Plus de 750 bâtiments publics ont été atteints, selon le gouvernement, de manière plus ou moins importante. "Les chiffres sont trois fois supérieurs à celui des trois semaines de 2005", a indiqué le ministre de la Cohésion des territoires, Christophe Béchu, qui a détaillé les choses : 274 commissariats, brigades de gendarmerie et postes de police municipale, 105 mairies, 243 établissements scolaires dont une dizaine complètement détruits, 47 établissements de la justice, 3 centres hospitaliers, de l’équipement urbain, des bus, des trams, des médiathèques, des maisons de quartiers, crèches, gymnases, maisons de la culture, locaux associatifs…
À peine retouché par les sénateurs, le projet de loi est attendu dès jeudi dans l'hémicycle de l'Assemblée nationale. Un vote "conforme" signerait son adoption définitive en un temps record. Si l'Assemblée le modifie même un tant soit peu, députés et sénateurs devront se réunir en commission mixte paritaire pour s'accorder sur une version de compromis qui devra encore être validée par chacune des deux chambres. Un scénario qui différerait l'adoption définitive au vendredi.
Ce texte n'est pas "une réponse globale à la situation que nous avons connue", a d'emblée posé Christophe Béchu face à l'hémicycle où avait pris place le président du Sénat, Gérard Larcher (LR). "Nous sommes maintenant dans le temps du traitement des conséquences et viendra bien sûr à la rentrée le temps de l'action résolue sur les causes, sur les politiques à conduire", a-t-il promis.

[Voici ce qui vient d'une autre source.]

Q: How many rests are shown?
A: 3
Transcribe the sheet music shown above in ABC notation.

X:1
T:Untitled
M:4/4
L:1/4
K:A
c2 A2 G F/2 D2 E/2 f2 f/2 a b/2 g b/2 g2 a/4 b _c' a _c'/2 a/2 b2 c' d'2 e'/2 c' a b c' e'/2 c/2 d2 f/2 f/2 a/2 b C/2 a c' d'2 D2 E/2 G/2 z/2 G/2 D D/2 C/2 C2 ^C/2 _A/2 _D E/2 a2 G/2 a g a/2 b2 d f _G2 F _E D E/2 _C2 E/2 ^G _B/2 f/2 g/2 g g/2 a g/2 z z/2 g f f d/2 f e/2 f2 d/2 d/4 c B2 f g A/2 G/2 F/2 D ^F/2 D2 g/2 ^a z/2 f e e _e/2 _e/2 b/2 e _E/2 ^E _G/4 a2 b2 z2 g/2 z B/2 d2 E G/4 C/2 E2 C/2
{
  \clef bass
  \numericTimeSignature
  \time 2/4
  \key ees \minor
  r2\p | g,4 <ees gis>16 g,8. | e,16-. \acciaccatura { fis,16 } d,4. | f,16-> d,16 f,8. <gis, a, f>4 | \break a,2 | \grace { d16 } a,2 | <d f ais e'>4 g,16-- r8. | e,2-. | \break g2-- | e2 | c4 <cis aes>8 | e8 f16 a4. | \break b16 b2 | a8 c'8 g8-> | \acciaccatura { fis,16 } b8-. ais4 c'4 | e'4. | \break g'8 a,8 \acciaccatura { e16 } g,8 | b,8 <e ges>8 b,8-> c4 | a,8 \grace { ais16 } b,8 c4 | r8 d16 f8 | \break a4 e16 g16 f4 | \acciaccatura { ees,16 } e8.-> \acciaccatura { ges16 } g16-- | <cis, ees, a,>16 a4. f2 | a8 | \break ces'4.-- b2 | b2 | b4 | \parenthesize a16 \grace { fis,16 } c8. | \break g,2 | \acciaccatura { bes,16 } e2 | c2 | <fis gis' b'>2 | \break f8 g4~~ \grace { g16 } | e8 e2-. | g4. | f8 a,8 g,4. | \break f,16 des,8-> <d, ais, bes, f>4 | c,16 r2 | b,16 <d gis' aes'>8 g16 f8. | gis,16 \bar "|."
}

Mais sur tous les bancs, les sénateurs ont insisté pour que soient posées les questions de fond. "Nous aurions aimé que ce texte-là soit mis en perspective par une analyse et la parole présidentielle pour qu'on nous pose un diagnostic, pour qu'on définisse les causes", a déclaré le patron des sénateurs LR, Bruno Retailleau. "Ce qu'il va falloir reconstruire, dans les mois, dans les années qui viennent, ça n'est pas seulement ce qui a été brûlé pendant cinq jours et cinq nuits, c'est ce qui a été déconstruit pendant des décennies, l'autorité bien sûr (...), et il faudra sans doute aussi faire en sorte que tous ces jeunes des quartiers puissent aimer la France", a-t-il ajouté.
La socialiste Marie-Pierre de La Gontrie a d'ores et déjà annoncé que son groupe redemanderait un débat à la rentrée. "Tout le monde débat partout de ce qui s'est passé en France, sauf au Parlement, ce n'est pas normal." "Il nous faut une date de débat", a appuyé le communiste Pascal Savoldelli. "Il faut tirer tous les enseignements pour reconnaître et respecter toute la population française."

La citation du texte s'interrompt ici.